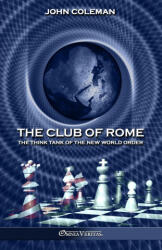The Club of Rome - John Coleman (ISBN: 9781805401407)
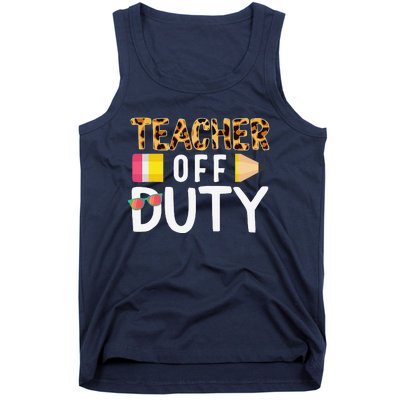 Teacher Off Duty Happy Last Day Of School Teacher Summer Tank Top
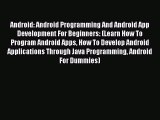 Download Android: Android Programming And Android App Development For Beginners: (Learn How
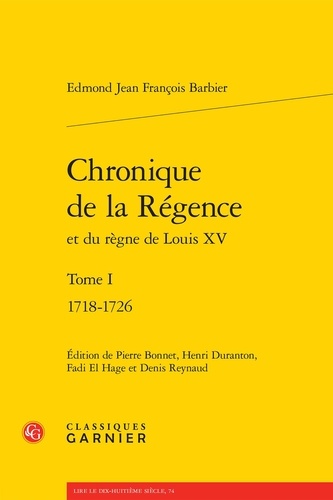 Chronique de la régence et du règne de Louis XV. Tome 1, 1718-1726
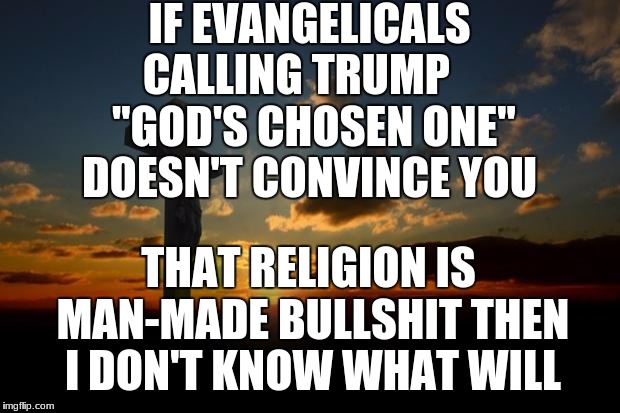 How can you not see how they try to control you??
 | IF EVANGELICALS CALLING TRUMP     "GOD'S CHOSEN ONE" DOESN'T CONVINCE YOU; THAT RELIGION IS MAN-MADE BULLSHIT THEN I DON'T KNOW WHAT WILL | image tagged in religion1,trump,bullshit | made w/ Imgflip meme maker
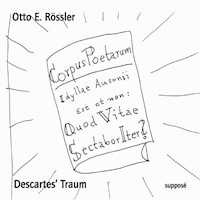 Descartes' Traum - Otto E. Rössler - Hörbuch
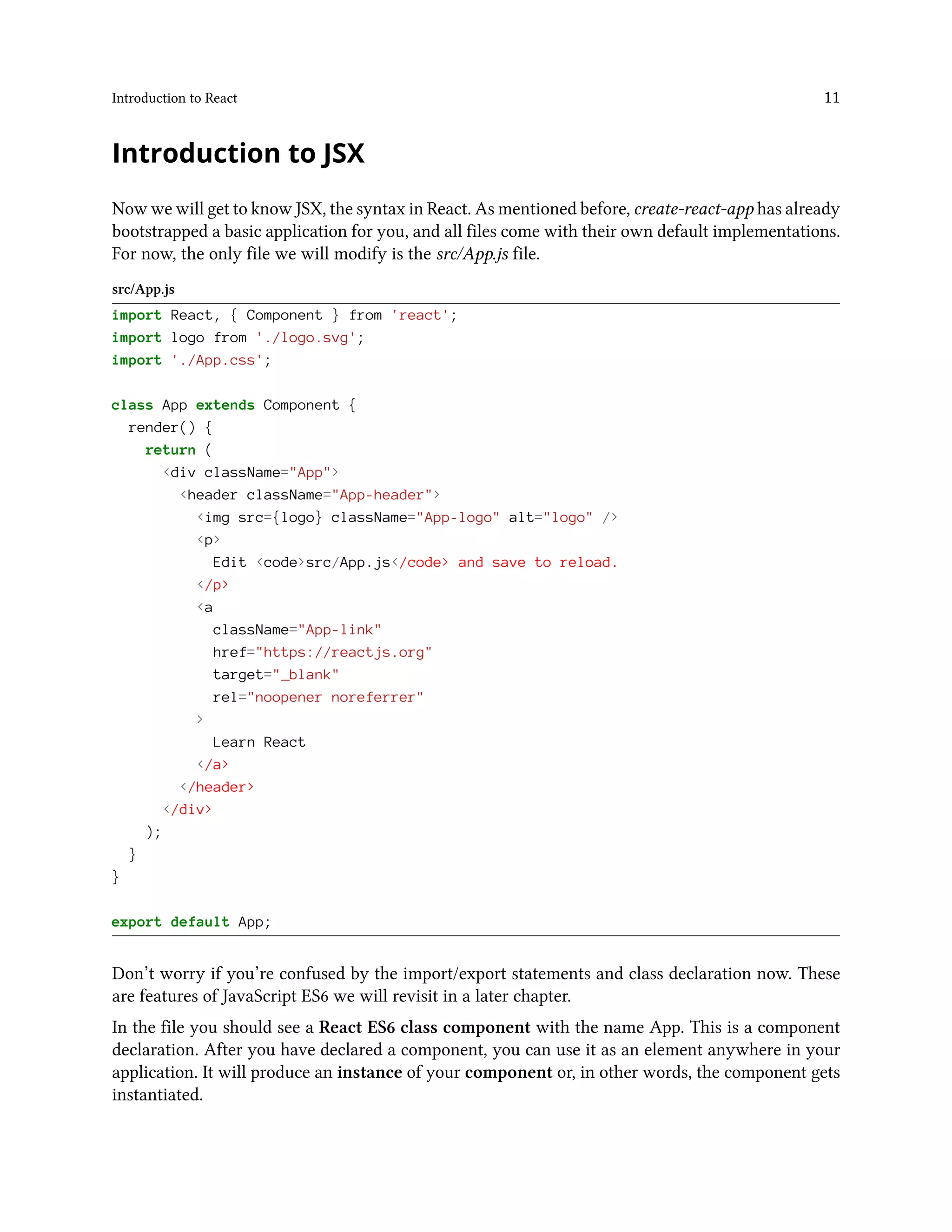 Introduction to React 11
Introduction to JSX
Now we will get to know JSX, the syntax in React. As mentioned before, create-react-app has already
bootstrapped a basic application for you, and all files come with their own default implementations.
For now, the only file we will modify is the src/App.js file.
src/App.js
import React, { Component } from 'react';
import logo from './logo.svg';
import './App.css';
class App extends Component {
render() {
return (
<div className="App">
<header className="App-header">
<img src={logo} className="App-logo" alt="logo" />
<p>
Edit <code>src/App.js</code> and save to reload.
</p>
<a
className="App-link"
href="https://reactjs.org"
target="_blank"
rel="noopener noreferrer"
>
Learn React
</a>
</header>
</div>
);
}
}
export default App;
Don’t worry if you’re confused by the import/export statements and class declaration now. These
are features of JavaScript ES6 we will revisit in a later chapter.
In the file you should see a React ES6 class component with the name App. This is a component
declaration. After you have declared a component, you can use it as an element anywhere in your
application. It will produce an instance of your component or, in other words, the component gets
instantiated.
 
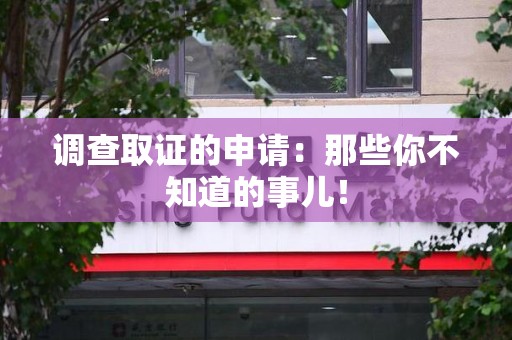 武夷山调查取证的申请:那些你不知道的事儿! 武夷山调查取证的申请:那些你不知道的事儿!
──────────────────────────────
§ **YOUR GOAL**
Excluding the pictures, reproduce every entry exactly as given.

§ **EXERCISE RESPONSE**
The Club of Rome - John Coleman (ISBN: 9781805401407)
 Teacher Off Duty Happy Last Day Of School Teacher Summer Tank Top
 Download Android: Android Programming And Android App Development For Beginners: (Learn How
 Chronique de la régence et du règne de Louis XV. Tome 1, 1718-1726
 How can you not see how they try to control you??
 | IF EVANGELICALS CALLING TRUMP     "GOD'S CHOSEN ONE" DOESN'T CONVINCE YOU; THAT RELIGION IS MAN-MADE BULLSHIT THEN I DON'T KNOW WHAT WILL | image tagged in religion1,trump,bullshit | made w/ Imgflip meme maker
 Descartes' Traum - Otto E. Rössler - Hörbuch
 Introduction to React 11
Introduction to JSX
Now we will get to know JSX, the syntax in React. As mentioned before, create-react-app has already
bootstrapped a basic application for you, and all files come with their own default implementations.
For now, the only file we will modify is the src/App.js file.
src/App.js
import React, { Component } from 'react';
import logo from './logo.svg';
import './App.css';
class App extends Component {
render() {
return (
<div className="App">
<header className="App-header">
<img src={logo} className="App-logo" alt="logo" />
<p>
Edit <code>src/App.js</code> and save to reload.
</p>
<a
className="App-link"
href="https://reactjs.org"
target="_blank"
rel="noopener noreferrer"
>
Learn React
</a>
</header>
</div>
);
}
}
export default App;
Don’t worry if you’re confused by the import/export statements and class declaration now. These
are features of JavaScript ES6 we will revisit in a later chapter.
In the file you should see a React ES6 class component with the name App. This is a component
declaration. After you have declared a component, you can use it as an element anywhere in your
application. It will produce an instance of your component or, in other words, the component gets
instantiated.
 
 武夷山调查取证的申请:那些你不知道的事儿! 武夷山调查取证的申请:那些你不知道的事儿!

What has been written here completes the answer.